Saturday, March 12, 2016

Coffin Shaker: Primal Fear – Delivering the Black



 
I love Primal Fear. I don’t care much for Power Metal, but I love Primal Fear. They satisfy me on a number of levels: they’re catchy, and they’re fun, and they are memorable. For me at least, as I’ve certainly seem more than a few people state the exact opposite of my favorable position on the band. But I picked up Jaws of Death in late 1999 and was pretty much instantly in love. Despite that, I’ve actually missed a pretty large swath of the Primal career, mostly due to my general disinterest in Power Metal as a whole. I like a few albums over the span of that genre, but I don’t pay enough attention to it to feel a need to sample new bands or too many different releases. I don’t know Primal Fear to the extent that I know which albums came in which order, but I had a three record love affair with the band spanning Jaws of Death, Nuclear Fire and Black Sun.


And then, it was over. Primal Fear and I went our separate ways, an amiable split, but one that resulted in me missing several records, apparently. I still play those three golden oldies occasionally, and I find myself grinning and enjoying every second of them, my memory surprisingly sharp. I have obtained all of the other albums, but as I am a music hoarder, I’ve yet to hear them. I was legitimately excited about 2014’s Delivering the Black, and then it was January of 2016, and that albums’ follow up, Rulebreaker, was being released. Damn it, I thought, they just put out an album that I still haven’t heard; so I had to hear it. Now, I can’t stop listening to it. 

Primal Fear takes me back to a time and place in my life that I am always glad to revisit musically. At the absolute risk of being that guy who talks about how music was so much better back then, the late 90s and the early 2000s provided me with some of my favorite records and is generally viewed as a terrific time in my musical life, and Primal Fear was a part of that for sure. I’d discovered them during my time in Germany, and spent a number of conversations in the basement of Mr. Music in Bonn talking about them with the guy behind the counter. Even back then not very interested in Power Metal, Primal Fear struck me as combining stalwarts Priest and Maiden into one complete band, and to me at that time that was a huge plus. Primal Fear have been a consistently solid band from their catalog that I’m familiar with as well. 
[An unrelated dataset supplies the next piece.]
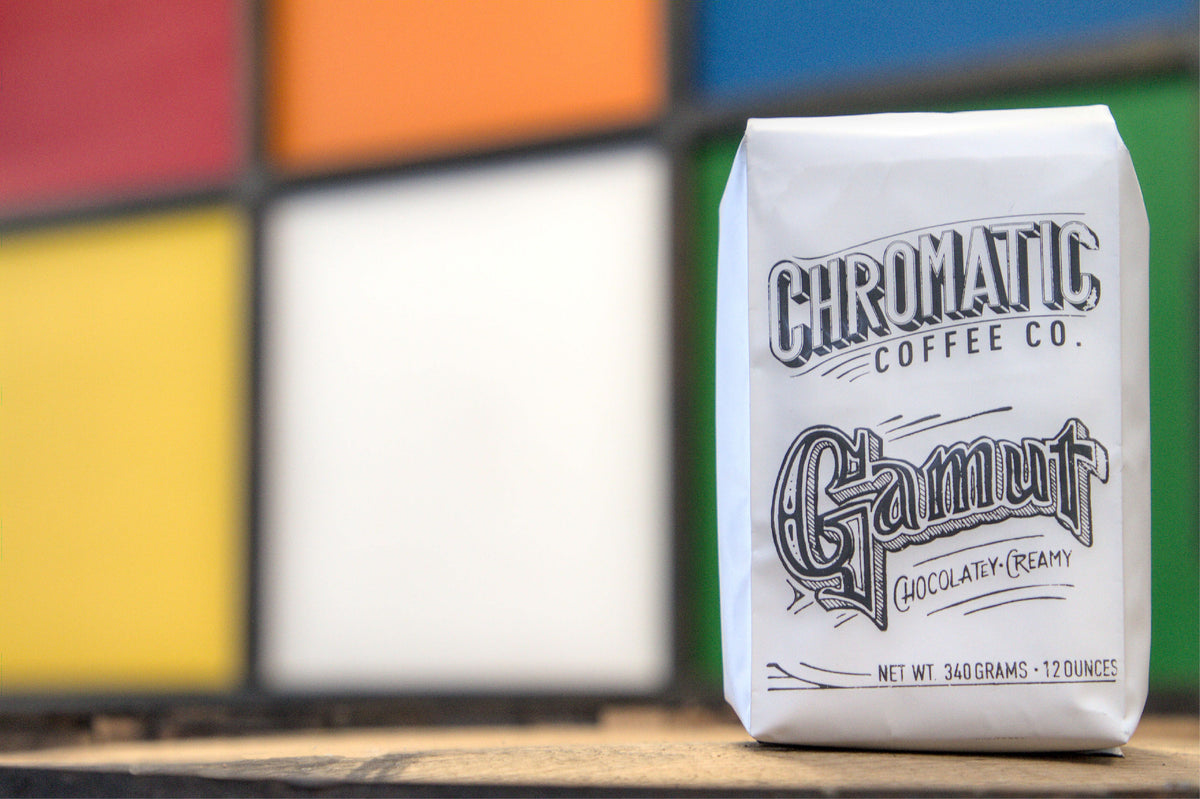 A bag of Chromatic Coffee Co. Gamut coffee placed in front of a colorful background.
My general understanding of Primal Fear is that they committed that ever-unforgivable sin of becoming somewhat popular, and so the usual Internet response that I see to them is that they clearly are a terrible band, because otherwise they wouldn’t be popular, or that they aren’t ‘true Power Metal.’ Hilarious. I guess not being overly concerned with Power Metal is a blessing in this case.
Delivering the Black contains some great, fast jams like “Rebel Faction,” “Alive and On Fire,” and “Inseminoid,” possibly the best track on the record. Lots of other good ones too, but I gather some of them are bonus tracks, like “The Man Without Shadow,” so they may not be on all versions of this. By now, the story of singer Ralf Scheepers having almost been the guy to replace Halford in Judas Priest is old news, but ol’ Ralf still sounds sharp and on point as ever. The guitar work for the band has always had a Priest-y slant to it, and I recall years ago encountering a lot of press claiming that Primal Fear was the band Sheepers started to show the Judas Priest camp they made the wrong decision by going with Tim Owens. At this moment in time, I think we have to wonder if that ever actually mattered, as Owens’ tenure with Priest was very short and they didn’t exactly move backwards when Halford rejoined the band. 
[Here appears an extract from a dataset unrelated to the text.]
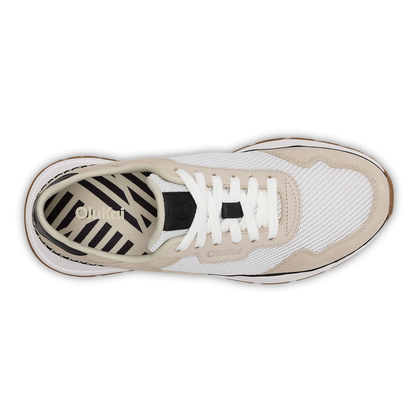High-top sneaker in bright white and ecru with white laces, shown from above with striped interior lining visible.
Everything about this album is pretty catchy: soaring vocals, those great, memorable choruses, some fairly lofty guitar work. The tracklist follows what I’ve always assumed was the standard Power Metal breakdown: some fast, some in that midtempo range, a slow jam or two. German accents lead to a giggle when the more ballad-y track “Born With a Broken Heart” comes along, and nine minute “One Night In December” is the ambitious centerpiece tune. Not being a real fan of the genre, I can’t ever really comment on Primal Fears’ standing in it, whether they’re “good” or not, but in the current age of Internet Contrarianism, I doubt it would really matter anyway. I love this band, and I think they’re a ton of fun. I think the best way I can describe them is that they are a band that, if the weather is nice and you had them on in the car with the windows rolled down, they would add to your level of happiness. And, if you got into a staring match with some of the Blind Guardian crowd at a red light, you’d feel like the vastly cooler guy. That’s quality.